The consolidated financial statements of the Group are available upon request
from the Company's registered office or at www.transense.co.uk
(http://www.transense.co.uk)
These condensed consolidated interim financial statements are unaudited.
2 Accounting policies
The Condensed Consolidated Financial Statements for the half yearly report for
the 6 months ended 31 December 2019 have been prepared using accounting
policies and methods of computation consistent with those set in Transense
Technologies plc's Annual Report and Financial Statements for the year ended
30 June 2019. There has been no change to any accounting policy from the
date of that repot, except for the Group has now implemented IFRS 16 - Leases.
The Group has transitioned to IFRS 16 as at 1 July 2019 and it has
transitioned the leases previously accounted for as operating leases under IAS
17 using the Modified Retrospective Approach.

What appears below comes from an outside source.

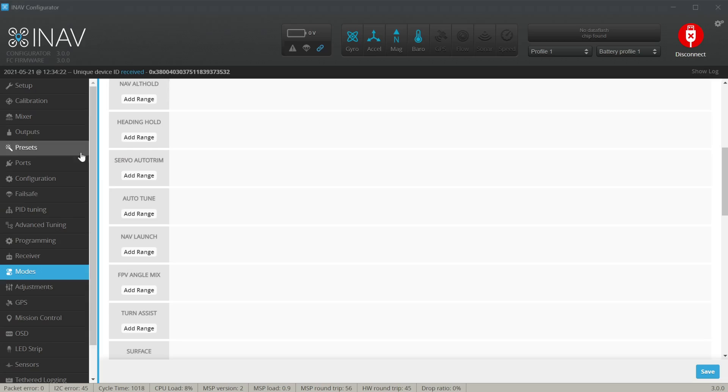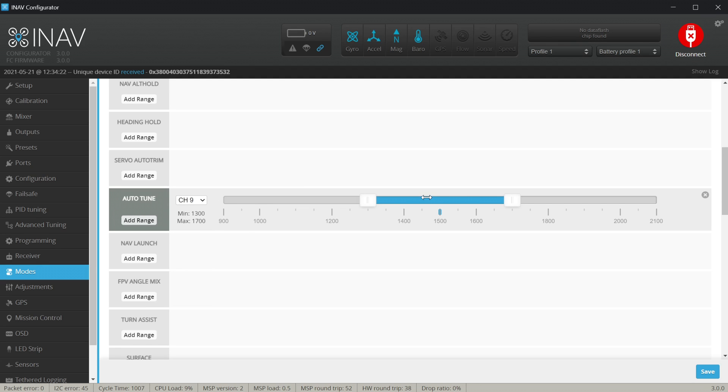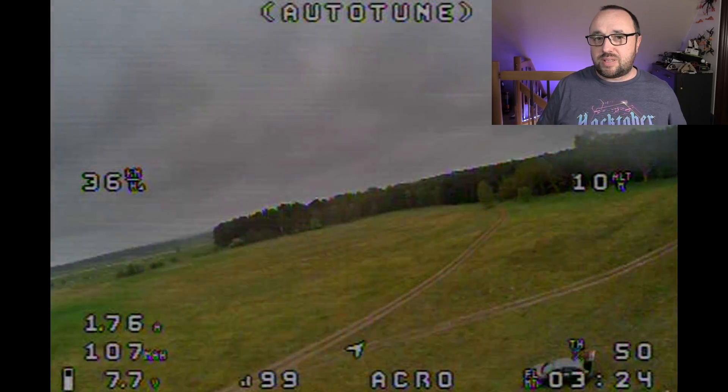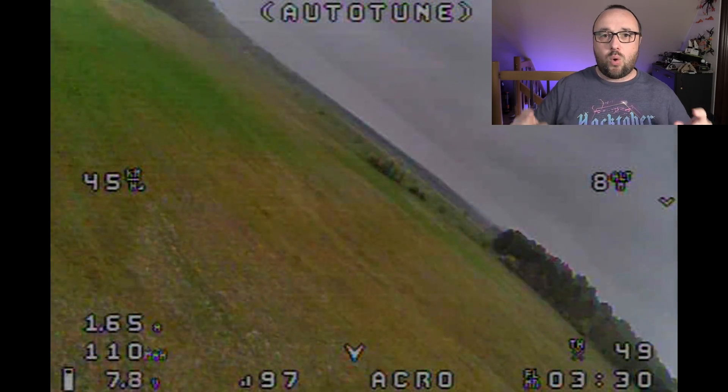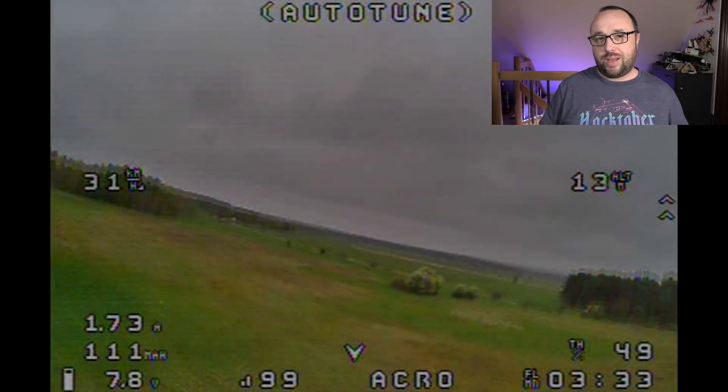Starting from iNAV 3.0, autotune is undergoing some major changes. There was a huge revision and refactoring of the whole algorithm, but from the outside it works almost exactly the same as before. You still have to configure the autotune flight mode, you still have to maiden, take off, enable autotune, fly with it, disable, land, and save the settings. But right now, autotune also handles the rate tuning.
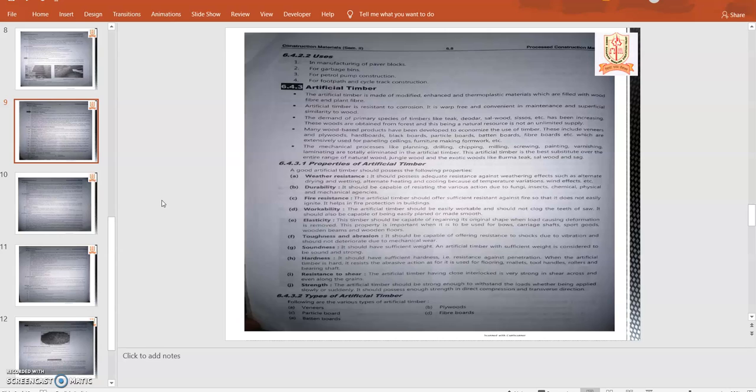The next material is artificial timber. Artificial timber is made of modified, enhanced, and thermoplastic material which is filled with wood fiber and plant fiber. Artificial timber is resistant to corrosion, it is warp-free and convenient in maintenance and superficial similar to wood. The demand of primary species of timber like teak, deodar, and salwood has been increasing. These woods are obtained from forest, and this being a natural resource is not in ultimate supply.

The Group has assessed its leases that were previously accounted for under IAS
17, recognising the discounted asset at the date of transition as a Right of
Use asset within tangible fixed assets and the associated liability within
trade and other payables.
Following the transition to IFRS 16, a right of use asset (and associated
liability) of £0.29m (£0.20m in non current liabilities and £0.09m in
current liabilities) was recognised. In H1 2020, there has been £0.03m of
depreciation against the assets and approximately £4,000 of interest incurred
associated with the unwind of the discount on the liability.
3 Earnings per share
31 December 2019 31 December 2018 30 June 2019
Shares Shares Shares
Weighted average number of shares
Issued at start of period 16,307,282 12,048,948 12,048,948
Effect of shares issued in period - - 1,135,633
Weighted average number of shares at end of period 16,307,282 12,048,948 13,184,581
Basic Earnings per share (7.30p) (6.49p) (11.11p)
4 Revenue
Revenue Half year to Half year to Full year to
31 Dec 19 31 Dec 18 30 Jun 19
(Unaudited) (Unaudited) (Audited)
£'000 £'000 £'000
Chile 325 373 670
Australia 237 186 398
Rest of the World 212 76 192
North America 129 203 743
UK & Europe 62 95 192
Japan - - 31
Total 965 933 2,226
5 Trade and other payables
Included in trade and other payables is a loan from Bridgestone of $0.75m
(£0.58) which could become repayable in the next 12 months.
6 Going concern
The interim financial information has been prepared on a going concern basis,
which assumes that the Company will have adequate resources to continue in
operational existence for the foreseeable future.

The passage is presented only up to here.